I know, right?  Don't I care about you any more?  Don't I want to keep fighting to eek out time to sit gazing vapidly at the computer's wide-screen internet instead of reading a book or playing with my baby?
you funny
This is me, adjusting to my new life.  And I absolutely do not want to make it sound as though I am compromising, because so many people casually hate on pregnancy and child-rearing, and for anyone who is interested in either, I don't want to add to that negative atmosphere.  It's not negative.  It's not easy, I'll give you that - some days it is flat out grueling, some days (let's be honest) I wake up in the morning ready to cry before the day has started because it's going to be just like the one before, and the one before was hard.  But still, you adjust, things take on or lose priority - like the internet, basically falling off the bottom of the chart, my daughter at the top.  I will admit that maintaining my identity feels hard some days, because I am 1000% taking care of my baby's needs, and even when I am drop-dead exhausted with a tension headache the weight of Christian's burden hauling down my back, I take her in my arms to make sure her needs are met, regardless of my own.

But part of the adjusting and rearrangement of priorities has been (to use that dreadful Christianese phrase) to adapt to a different season of life.  The internet has lost much of its vapid, time-consuming interest (bleh), I spend less time writing (horror of horrors), and more time reading and moving about. For whatever reason, not only does my daughter need to be on the move and mobile to be soothed (if that were only the case, I could put her in a swing), she prefers to be held in order to fall asleep.  This is very flattering, of course, but also extremely exhausting.  So I walk.  A lot.  I carry her in a wrap, and if she is not completely out when I go to sit down, she will rouse and cry.  She is here to make sure Maman never gets diabetes.

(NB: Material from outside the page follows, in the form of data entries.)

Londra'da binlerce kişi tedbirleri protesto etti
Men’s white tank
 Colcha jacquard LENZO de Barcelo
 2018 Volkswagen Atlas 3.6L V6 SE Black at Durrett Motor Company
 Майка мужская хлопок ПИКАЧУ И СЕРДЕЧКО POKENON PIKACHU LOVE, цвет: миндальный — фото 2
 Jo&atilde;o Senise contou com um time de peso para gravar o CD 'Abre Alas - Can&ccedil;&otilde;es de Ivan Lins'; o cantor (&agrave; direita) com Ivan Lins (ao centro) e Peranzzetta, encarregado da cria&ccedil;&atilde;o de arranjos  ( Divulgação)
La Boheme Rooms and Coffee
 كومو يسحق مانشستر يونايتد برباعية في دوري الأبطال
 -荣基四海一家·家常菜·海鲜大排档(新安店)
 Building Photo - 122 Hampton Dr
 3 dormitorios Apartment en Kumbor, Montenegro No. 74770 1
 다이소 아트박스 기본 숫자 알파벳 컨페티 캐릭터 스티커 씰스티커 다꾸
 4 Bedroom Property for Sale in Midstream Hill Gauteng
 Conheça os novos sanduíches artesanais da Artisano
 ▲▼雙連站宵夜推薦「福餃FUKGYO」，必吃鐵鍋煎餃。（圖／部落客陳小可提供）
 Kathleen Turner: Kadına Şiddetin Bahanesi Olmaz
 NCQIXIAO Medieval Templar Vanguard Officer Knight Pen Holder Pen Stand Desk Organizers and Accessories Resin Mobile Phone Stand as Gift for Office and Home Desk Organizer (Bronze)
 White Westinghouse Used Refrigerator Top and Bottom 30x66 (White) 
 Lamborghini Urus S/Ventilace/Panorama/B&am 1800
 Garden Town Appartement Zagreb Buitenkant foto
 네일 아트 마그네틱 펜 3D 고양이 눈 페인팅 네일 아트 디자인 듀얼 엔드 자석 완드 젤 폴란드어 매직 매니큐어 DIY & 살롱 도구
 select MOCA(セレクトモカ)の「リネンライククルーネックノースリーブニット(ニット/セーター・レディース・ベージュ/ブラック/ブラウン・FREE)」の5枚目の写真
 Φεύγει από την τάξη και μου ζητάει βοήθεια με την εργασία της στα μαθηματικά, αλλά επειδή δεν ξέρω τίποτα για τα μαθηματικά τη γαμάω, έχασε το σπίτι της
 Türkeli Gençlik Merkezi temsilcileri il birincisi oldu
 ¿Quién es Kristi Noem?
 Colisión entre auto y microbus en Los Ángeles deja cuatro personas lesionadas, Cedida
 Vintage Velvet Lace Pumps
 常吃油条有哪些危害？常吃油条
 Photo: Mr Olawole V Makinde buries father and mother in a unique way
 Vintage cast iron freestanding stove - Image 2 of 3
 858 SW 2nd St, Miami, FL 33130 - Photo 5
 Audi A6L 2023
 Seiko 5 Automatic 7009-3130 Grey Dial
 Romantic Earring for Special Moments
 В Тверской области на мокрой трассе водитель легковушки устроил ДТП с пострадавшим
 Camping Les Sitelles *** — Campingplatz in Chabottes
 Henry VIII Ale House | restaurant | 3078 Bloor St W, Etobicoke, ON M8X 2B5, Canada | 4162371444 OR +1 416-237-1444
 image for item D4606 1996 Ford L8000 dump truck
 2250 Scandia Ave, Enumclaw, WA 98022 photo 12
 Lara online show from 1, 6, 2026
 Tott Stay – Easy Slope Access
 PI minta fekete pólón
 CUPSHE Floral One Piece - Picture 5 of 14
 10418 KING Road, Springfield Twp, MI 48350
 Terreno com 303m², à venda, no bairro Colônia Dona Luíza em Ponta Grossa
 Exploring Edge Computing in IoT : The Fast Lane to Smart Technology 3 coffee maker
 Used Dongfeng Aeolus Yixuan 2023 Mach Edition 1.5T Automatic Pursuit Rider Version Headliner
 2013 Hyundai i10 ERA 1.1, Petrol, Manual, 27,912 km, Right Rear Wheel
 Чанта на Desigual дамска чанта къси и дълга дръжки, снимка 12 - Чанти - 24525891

This, and nursing, gives me the opportunity to spend more time reading.  I've never been good at equally dividing my time between reading and writing: I'm always focusing on one more than the other.  Right now, I'm focusing on reading.  I finished an excellent treatise on the composition of poetry by Robert Hillyer, bought and worked halfway through My Antonia (having seen Chloe and Carmel enjoy it so much), and picked up Art and Beauty in the Middle Ages and The Name of the Rose, both by Umberto Eco.  Most of My Antonia was read on a particularly bad day: I walked almost all of it with my daughter, and read as I walked, so while I thoroughly enjoyed what I read, I rather gorged myself and have backed off, spending a little more time reading Art and Beauty.  The latter I am enjoying more than I thought I would: it is what feels like a flawless translation from the original Italian, concerning the medieval view of aesthetics.  Sounds dull?  It's not.  It is a book which beautifully answers for so many of my readers why my novel Plenilune is so rich and lavishly coloured.  I picked up The Name of the Rose (a fiction by Eco) because I was eager to read more of this author, and I feel that once I have finished Art and Beauty, it will shed more light of understanding on the uniquely styled novel of The Name of the Rose.  Hand in hand with that, even though I will not grasp all of the author's deep intentions in his monastic mystery, I am thrilled to discover another writer who is not afraid to bring all his (to the outside reader) eclectic, didactic prose to bear on his story and not cater to the public's mainstream tastes.

It may not make us popular, but at least we feel we have something worth sharing.